Data for analysis -
· · · ·

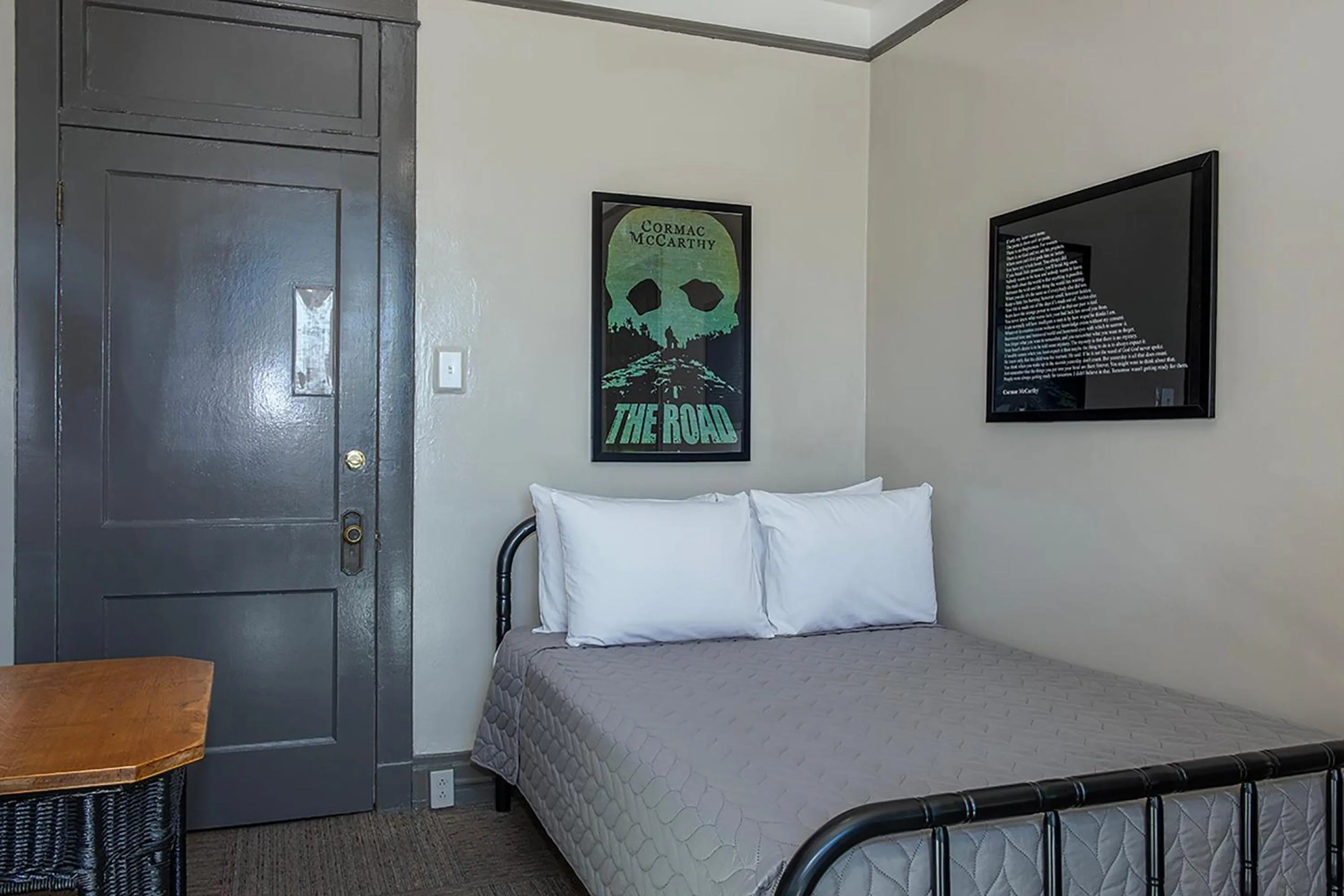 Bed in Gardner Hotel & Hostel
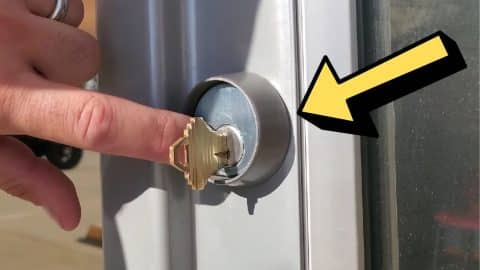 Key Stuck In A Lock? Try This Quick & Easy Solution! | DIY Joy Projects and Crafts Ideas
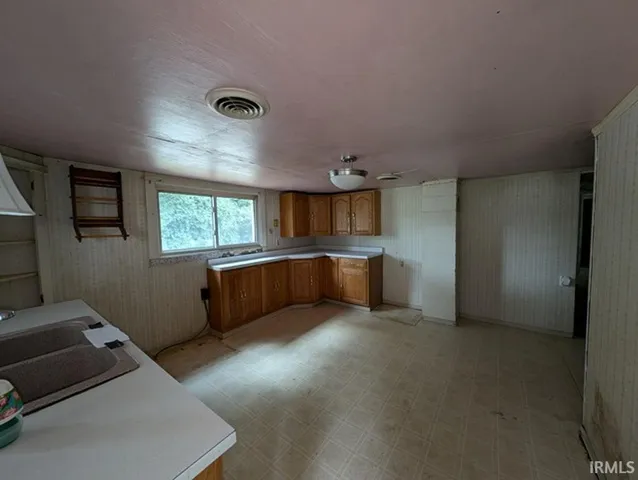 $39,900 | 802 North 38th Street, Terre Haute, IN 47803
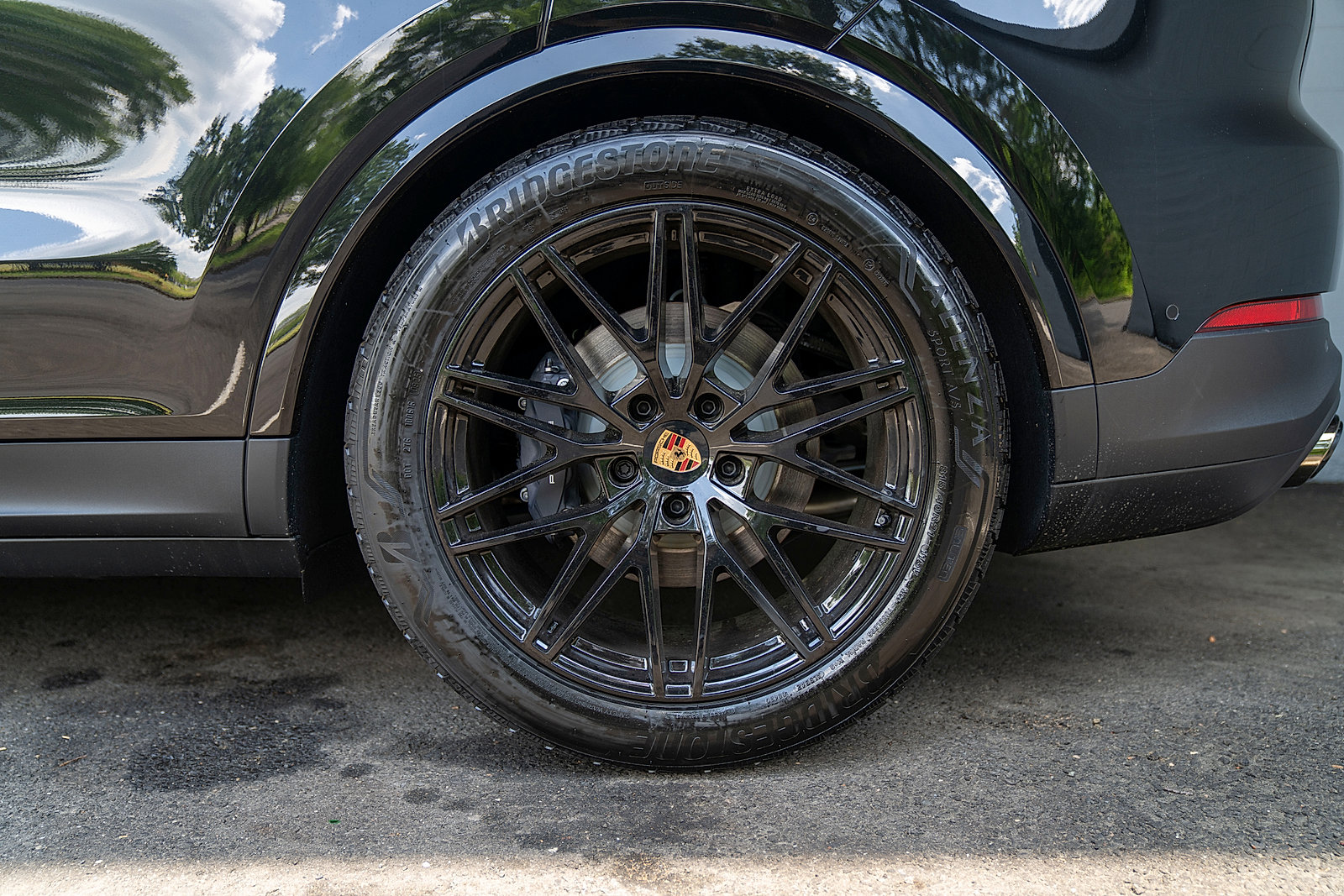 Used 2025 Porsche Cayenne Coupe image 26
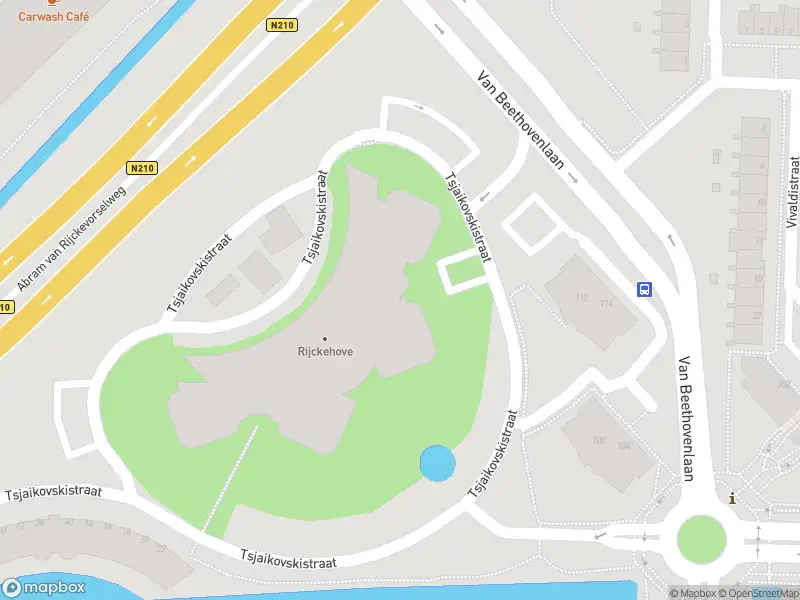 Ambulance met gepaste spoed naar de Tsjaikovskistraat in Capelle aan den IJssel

· · · ·

Task prompt -
Return every entry above exactly. Pictures stay out.

Your response -
 Bed in Gardner Hotel & Hostel
 Key Stuck In A Lock? Try This Quick & Easy Solution! | DIY Joy Projects and Crafts Ideas
 $39,900 | 802 North 38th Street, Terre Haute, IN 47803
 Used 2025 Porsche Cayenne Coupe image 26
 Ambulance met gepaste spoed naar de Tsjaikovskistraat in Capelle aan den IJssel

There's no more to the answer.